> STORED DATA:
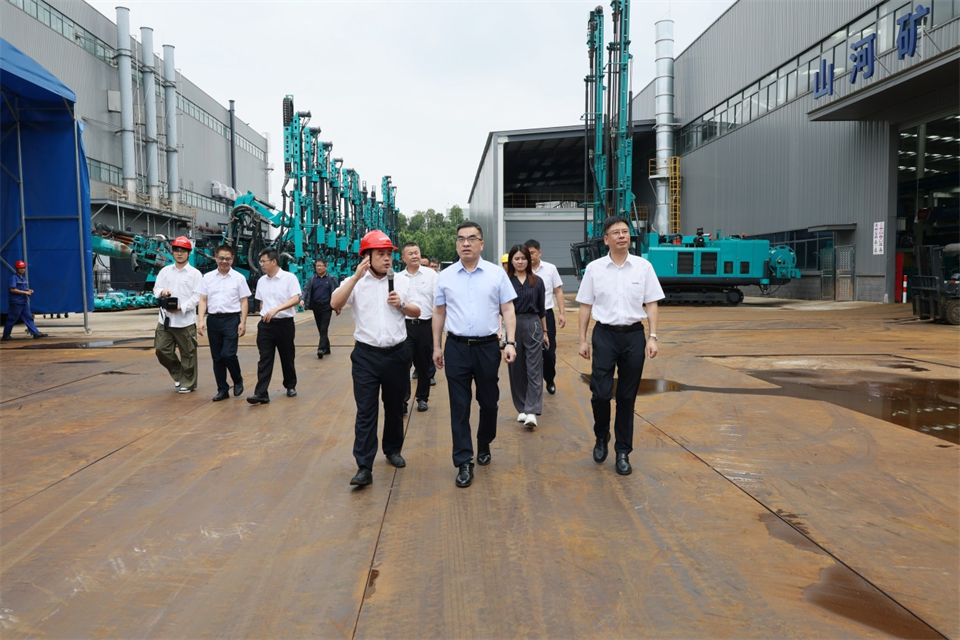 广州工控集团总经理王福铸调研生产经营工作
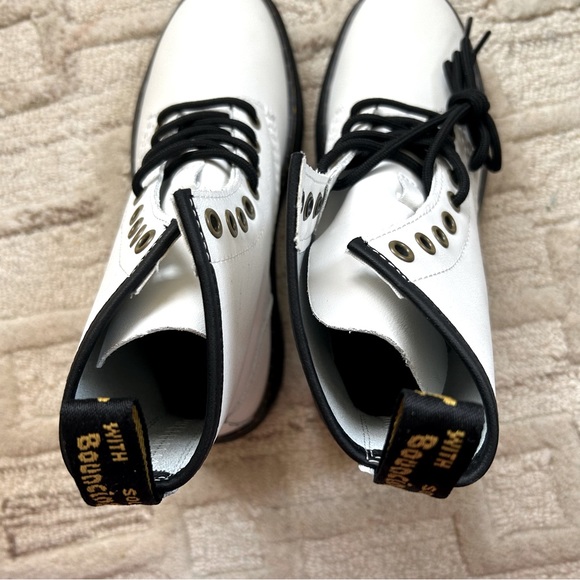 NIB Dr. Martens Soft Leather Zavala Lace-Up Boots White 37 - Picture 7 of 8
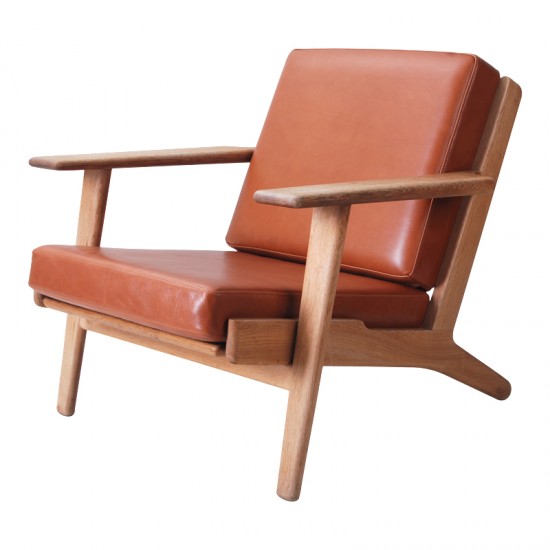 Hans J Wegner Ge-290 lænestol nypolstret i walnut anilin læder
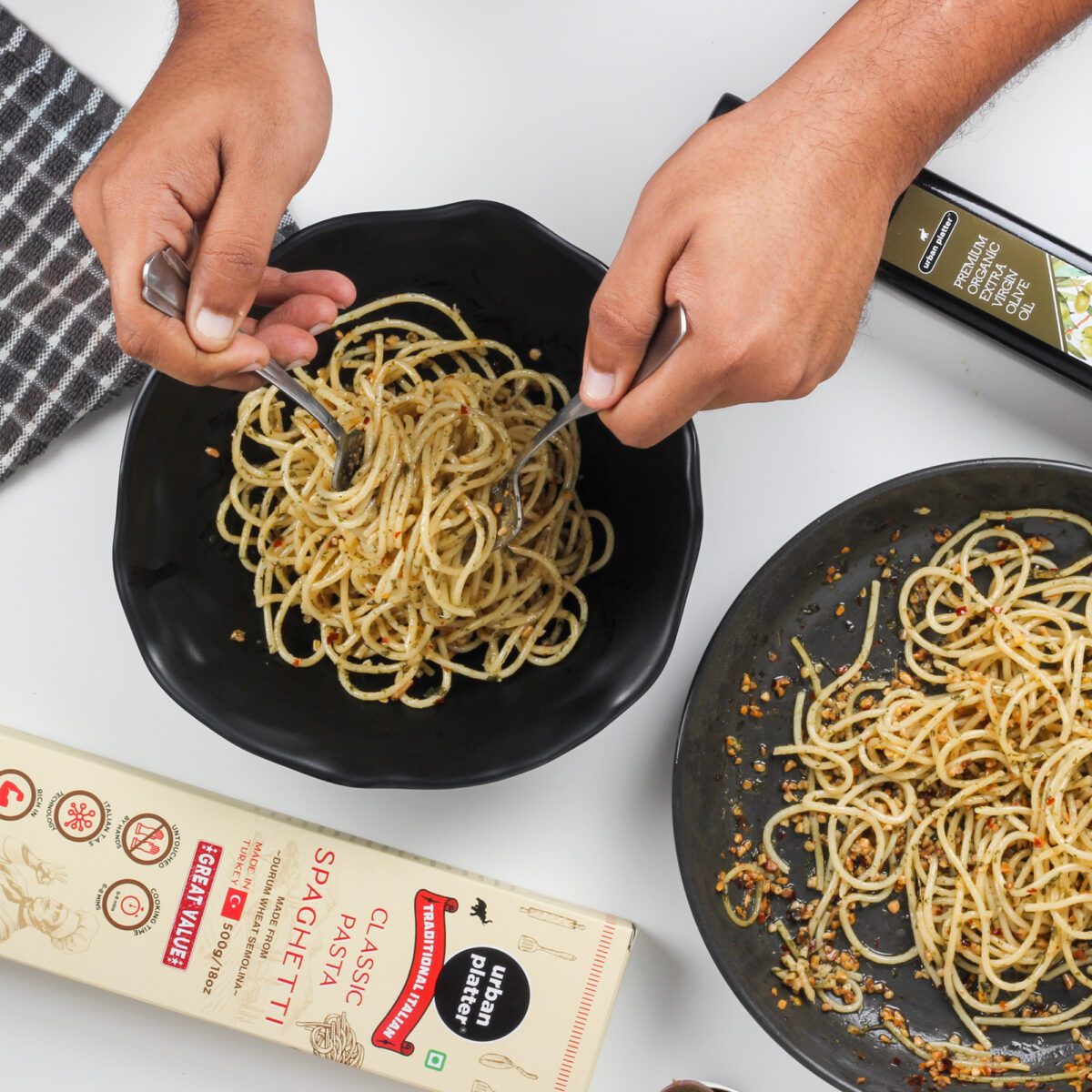 Traditional Italian Classic Spaghetti Pasta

> DIRECTIONS FOR THIS TASK: Starting at the line that contains "NIB Dr. Martens", retype each line through the end of the data exactly, and leave out every picture.

> ANSWER TO THE EXERCISE:
 NIB Dr. Martens Soft Leather Zavala Lace-Up Boots White 37 - Picture 7 of 8
 Hans J Wegner Ge-290 lænestol nypolstret i walnut anilin læder
 Traditional Italian Classic Spaghetti Pasta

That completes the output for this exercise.